Part I: Commitment Bonding and Dimensionality
In my first post, I set out my initial thesis concerning the logic of the graphic, including, most notably, its apparent Gaussian shape, based, in large part, on the series of seventeen evaluative factors that Vanessa Otero had employed to explain version 3.0. My primary insight and claim was that we could distill most of Otero’s evaluative criteria based on the presence or absence of features corresponding to credible commitment bonding for quality and accuracy, and the remainder to ideological bias. By commitment bonding, I mean costly infrastructures, such as print media and distribution channels, and journalistic staffing, which together convey a strong interest in ensuring and maintaining a reputation for accurate and reliable news coverage, along with credible analysis and opinion. The north-south axis was primarily associated with the presence of absence of such costly and credible commitment bonds.

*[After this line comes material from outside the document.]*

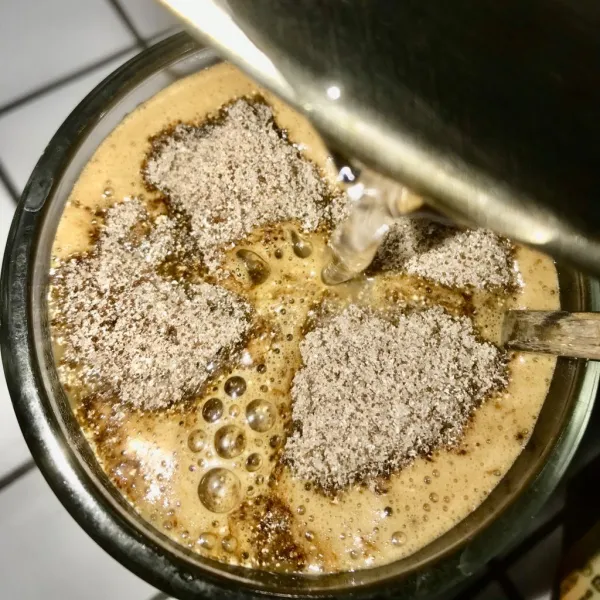 Seduh kopi Cappucino dengan air panas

The primary claim was that media sources that have committed to costly journalistic enterprises are less likely to risk compromising established reputations for credible and accurate quality reporting in exchange for whatever short-term benefits arise from sensationalistic or salacious stories. Although such stories might attract an immediate and temporary spike in readership, they simultaneously risk compromising the costly investments in reputation for accuracy and journalistic integrity. In the long term, the most credible media outlets will tend to confirm and disconfirm ideological biases on both sides of the conventional left-right spectrum approximately half the time, that is, assuming we can imagine an ideological location approximating the center.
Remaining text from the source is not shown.